TASK DETAILS: Hand back each record exactly as you find it.

===== DATA TO USE =====

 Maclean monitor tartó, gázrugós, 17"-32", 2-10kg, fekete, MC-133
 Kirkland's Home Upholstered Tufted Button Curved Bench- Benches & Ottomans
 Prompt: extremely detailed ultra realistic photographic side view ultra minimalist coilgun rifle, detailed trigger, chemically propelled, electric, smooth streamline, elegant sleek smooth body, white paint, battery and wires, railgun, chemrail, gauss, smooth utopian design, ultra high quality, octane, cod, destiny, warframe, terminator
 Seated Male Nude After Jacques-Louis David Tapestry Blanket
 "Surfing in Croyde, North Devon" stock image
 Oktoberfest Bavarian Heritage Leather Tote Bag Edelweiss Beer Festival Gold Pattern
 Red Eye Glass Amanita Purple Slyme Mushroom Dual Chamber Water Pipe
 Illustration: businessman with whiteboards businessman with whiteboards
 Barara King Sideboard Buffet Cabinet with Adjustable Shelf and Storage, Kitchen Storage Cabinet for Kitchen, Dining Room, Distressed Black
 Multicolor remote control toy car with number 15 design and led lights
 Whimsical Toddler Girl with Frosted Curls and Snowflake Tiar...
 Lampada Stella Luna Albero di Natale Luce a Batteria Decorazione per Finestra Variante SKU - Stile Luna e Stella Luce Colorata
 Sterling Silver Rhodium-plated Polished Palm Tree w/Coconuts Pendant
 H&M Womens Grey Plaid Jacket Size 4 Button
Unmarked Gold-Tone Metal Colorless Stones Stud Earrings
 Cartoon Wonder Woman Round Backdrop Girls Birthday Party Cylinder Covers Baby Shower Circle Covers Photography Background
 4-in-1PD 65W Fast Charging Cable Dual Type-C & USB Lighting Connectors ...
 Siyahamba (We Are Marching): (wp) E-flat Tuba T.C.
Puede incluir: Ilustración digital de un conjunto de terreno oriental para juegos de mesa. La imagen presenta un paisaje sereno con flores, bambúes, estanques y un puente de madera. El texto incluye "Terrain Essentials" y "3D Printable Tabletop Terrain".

=====

OUTPUT FOR THIS EXERCISE:
 Maclean monitor tartó, gázrugós, 17"-32", 2-10kg, fekete, MC-133
 Kirkland's Home Upholstered Tufted Button Curved Bench- Benches & Ottomans
 Prompt: extremely detailed ultra realistic photographic side view ultra minimalist coilgun rifle, detailed trigger, chemically propelled, electric, smooth streamline, elegant sleek smooth body, white paint, battery and wires, railgun, chemrail, gauss, smooth utopian design, ultra high quality, octane, cod, destiny, warframe, terminator
 Seated Male Nude After Jacques-Louis David Tapestry Blanket
 "Surfing in Croyde, North Devon" stock image
 Oktoberfest Bavarian Heritage Leather Tote Bag Edelweiss Beer Festival Gold Pattern
 Red Eye Glass Amanita Purple Slyme Mushroom Dual Chamber Water Pipe
 Illustration: businessman with whiteboards businessman with whiteboards
 Barara King Sideboard Buffet Cabinet with Adjustable Shelf and Storage, Kitchen Storage Cabinet for Kitchen, Dining Room, Distressed Black
 Multicolor remote control toy car with number 15 design and led lights
 Whimsical Toddler Girl with Frosted Curls and Snowflake Tiar...
 Lampada Stella Luna Albero di Natale Luce a Batteria Decorazione per Finestra Variante SKU - Stile Luna e Stella Luce Colorata
 Sterling Silver Rhodium-plated Polished Palm Tree w/Coconuts Pendant
 H&M Womens Grey Plaid Jacket Size 4 Button
Unmarked Gold-Tone Metal Colorless Stones Stud Earrings
 Cartoon Wonder Woman Round Backdrop Girls Birthday Party Cylinder Covers Baby Shower Circle Covers Photography Background
 4-in-1PD 65W Fast Charging Cable Dual Type-C & USB Lighting Connectors ...
 Siyahamba (We Are Marching): (wp) E-flat Tuba T.C.
Puede incluir: Ilustración digital de un conjunto de terreno oriental para juegos de mesa. La imagen presenta un paisaje sereno con flores, bambúes, estanques y un puente de madera. El texto incluye "Terrain Essentials" y "3D Printable Tabletop Terrain".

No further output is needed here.